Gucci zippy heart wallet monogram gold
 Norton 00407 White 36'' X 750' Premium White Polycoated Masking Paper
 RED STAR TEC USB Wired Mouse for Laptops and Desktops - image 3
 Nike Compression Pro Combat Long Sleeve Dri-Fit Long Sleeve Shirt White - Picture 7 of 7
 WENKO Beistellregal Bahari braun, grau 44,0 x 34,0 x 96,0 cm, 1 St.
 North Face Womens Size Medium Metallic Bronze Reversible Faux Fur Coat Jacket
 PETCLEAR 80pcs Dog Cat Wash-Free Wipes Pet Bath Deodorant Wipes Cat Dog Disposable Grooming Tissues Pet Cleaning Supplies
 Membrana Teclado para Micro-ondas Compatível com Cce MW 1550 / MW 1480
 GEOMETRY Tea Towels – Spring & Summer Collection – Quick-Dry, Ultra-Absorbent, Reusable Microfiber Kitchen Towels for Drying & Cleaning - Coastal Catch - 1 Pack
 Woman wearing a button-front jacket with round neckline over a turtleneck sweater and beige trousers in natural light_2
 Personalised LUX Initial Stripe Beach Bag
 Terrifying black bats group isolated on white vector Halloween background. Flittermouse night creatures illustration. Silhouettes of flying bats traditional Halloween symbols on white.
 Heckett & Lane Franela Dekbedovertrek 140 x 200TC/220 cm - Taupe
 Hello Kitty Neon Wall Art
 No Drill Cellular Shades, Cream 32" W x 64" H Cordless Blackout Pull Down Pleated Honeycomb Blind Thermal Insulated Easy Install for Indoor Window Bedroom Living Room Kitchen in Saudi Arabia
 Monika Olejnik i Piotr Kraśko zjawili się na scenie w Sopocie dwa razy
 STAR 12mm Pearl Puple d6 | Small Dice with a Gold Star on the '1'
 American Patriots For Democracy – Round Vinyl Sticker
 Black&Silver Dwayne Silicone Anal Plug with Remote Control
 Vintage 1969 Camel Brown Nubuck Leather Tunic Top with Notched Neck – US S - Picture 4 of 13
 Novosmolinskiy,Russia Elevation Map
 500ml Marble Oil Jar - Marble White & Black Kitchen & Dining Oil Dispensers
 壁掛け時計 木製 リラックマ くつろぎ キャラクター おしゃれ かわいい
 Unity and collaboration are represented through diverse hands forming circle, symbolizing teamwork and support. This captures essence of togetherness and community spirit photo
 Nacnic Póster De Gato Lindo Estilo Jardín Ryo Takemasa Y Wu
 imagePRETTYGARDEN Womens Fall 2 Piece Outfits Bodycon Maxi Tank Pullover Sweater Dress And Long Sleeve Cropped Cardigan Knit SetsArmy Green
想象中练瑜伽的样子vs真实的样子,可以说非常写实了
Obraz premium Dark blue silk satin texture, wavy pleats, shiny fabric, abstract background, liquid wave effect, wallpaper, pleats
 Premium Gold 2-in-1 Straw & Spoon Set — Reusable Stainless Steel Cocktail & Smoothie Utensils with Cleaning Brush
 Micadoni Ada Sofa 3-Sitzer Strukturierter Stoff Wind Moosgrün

◆ **YOUR OBJECTIVE**:
Given the word "Sleeve", show every line of the records that contains it.

◆ **REPLY TO THE EXERCISE**:
 Nike Compression Pro Combat Long Sleeve Dri-Fit Long Sleeve Shirt White - Picture 7 of 7
 imagePRETTYGARDEN Womens Fall 2 Piece Outfits Bodycon Maxi Tank Pullover Sweater Dress And Long Sleeve Cropped Cardigan Knit SetsArmy Green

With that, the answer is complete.